Spadkobiercy muszą wszystko zaplanować
– Opisana interpretacja pokazuje jednak, że firmom rodzinnym nadal niełatwo o podatkowe korzyści – mówi Michał Wilk. Dodaje, że w tej sprawie korzystniej byłoby, gdyby dzieci sprzedały swoją część majątku matce. Wtedy mogłaby go amortyzować.
„Inne rozwiązanie podpowiada Gerard Dźwigała. – Dzieci mogły nie przyjmować spadku, wtedy całe przedsiębiorstwo dziedziczy bezpośrednio małżonka zmarłego i może rozliczać je w kosztach – tłumaczy. Dodaje, że w takiej sytuacji trzeba zwrócić uwagę na przepisy prawa spadkowego, bo może okazać się, że dziedziczą też np. rodzice zmarłego”.
– Jak widać, mimo korzystnej zmiany przepisów firmy rodzinne muszą bardzo uważać na podatkowe konsekwencje sukcesji. Nawet dokonywanej wskutek śmierci przedsiębiorcy, gdy nie można przecież nikomu zarzucić chęci podatkowej optymalizacji – podsumowuje Michał Wilk.
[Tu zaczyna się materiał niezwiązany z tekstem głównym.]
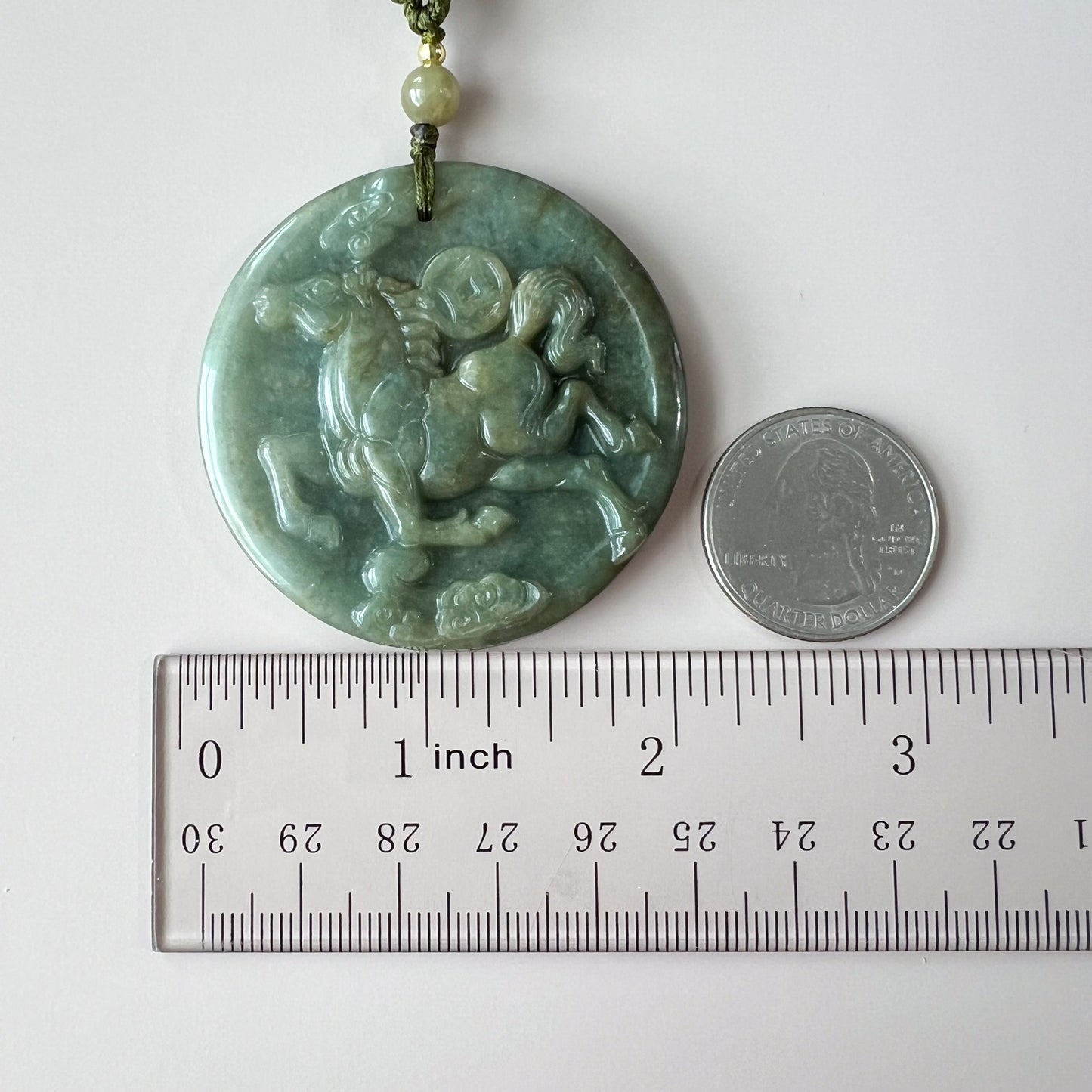 Green Horse Jade Jadeite Chinese Zodiac Carved Pendant Necklace, YJ-0322-0319663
Opinia dla „rzeczpospolitej"
prof. Maciej Stradomski doradca podatkowy, przewodniczący Rady Programowej Instytutu Biznesu Rodzinnego
Cel ubiegłorocznej nowelizacji ustawy o PIT, naprawiającej wcześniejsze błędy legislacyjne dotyczące spadków i darowizn, był jasny: zwiększyć prawdopodobieństwo udanej sukcesji małych i średnich firm rodzinnych, zwłaszcza tych prowadzonych w formie jednoosobowej działalności gospodarczej. Miała też ona zmniejszyć ryzyko i obciążenia związane z przejęciem działalności gospodarczej przez sukcesorów. Niestety, opisana sprawa pokazuje, że aparat skarbowy bardzo dosłownie i niekorzystnie dla przedsiębiorców interpretuje nowe przepisy. To niebezpieczna tendencja. O ile przy darowiznach (czyli czynnościach dokonywanych za życia prowadzących działalność gospodarczą) czujność urzędów skarbowych może być uzasadniona, o tyle rygorystyczne podejście do spadków jest wątpliwe. Trudno bowiem wyobrazić sobie optymalizację podatkową z wykorzystaniem procedury spadkowej.